» Problem requirements
Reproduce verbatim all of the data given below, but do not carry over the images.

» Information supplied
============

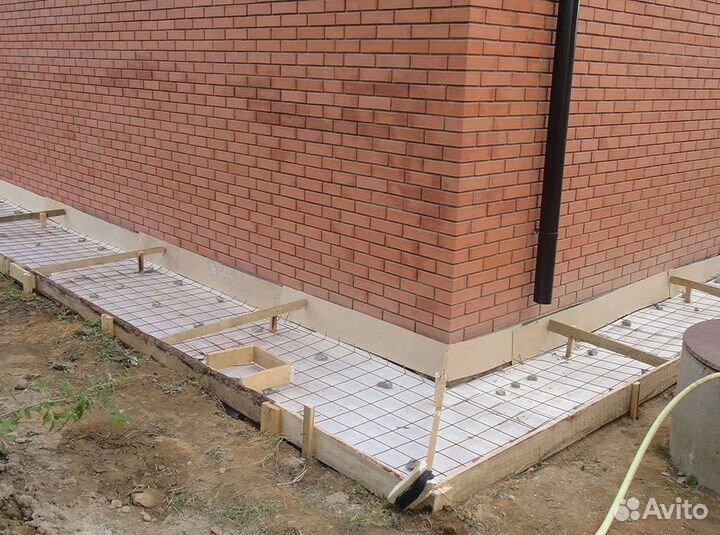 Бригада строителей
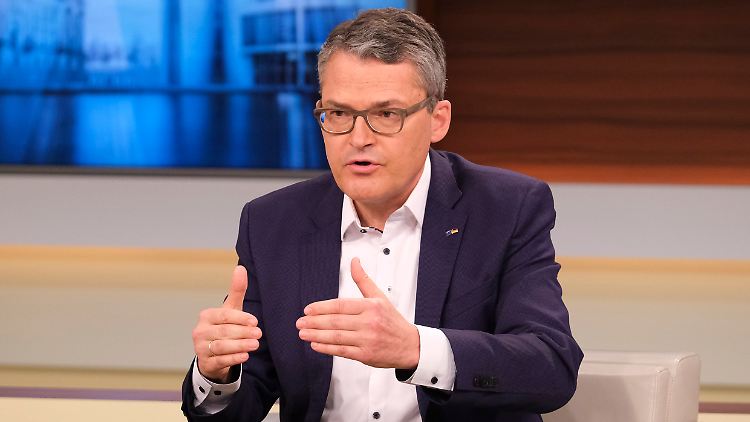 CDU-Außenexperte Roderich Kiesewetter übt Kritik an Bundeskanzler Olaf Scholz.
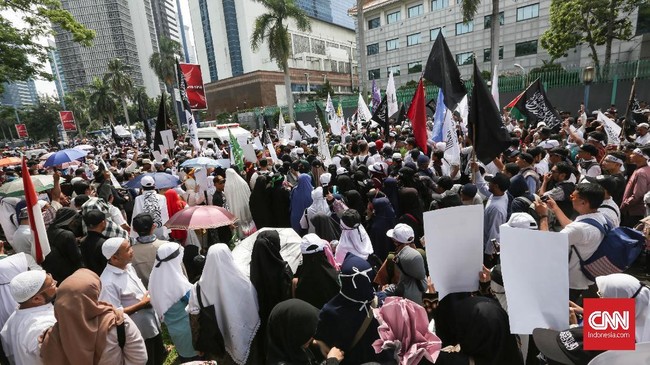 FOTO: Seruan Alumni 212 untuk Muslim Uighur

============

» Your solution
 Бригада строителей
 CDU-Außenexperte Roderich Kiesewetter übt Kritik an Bundeskanzler Olaf Scholz.
 FOTO: Seruan Alumni 212 untuk Muslim Uighur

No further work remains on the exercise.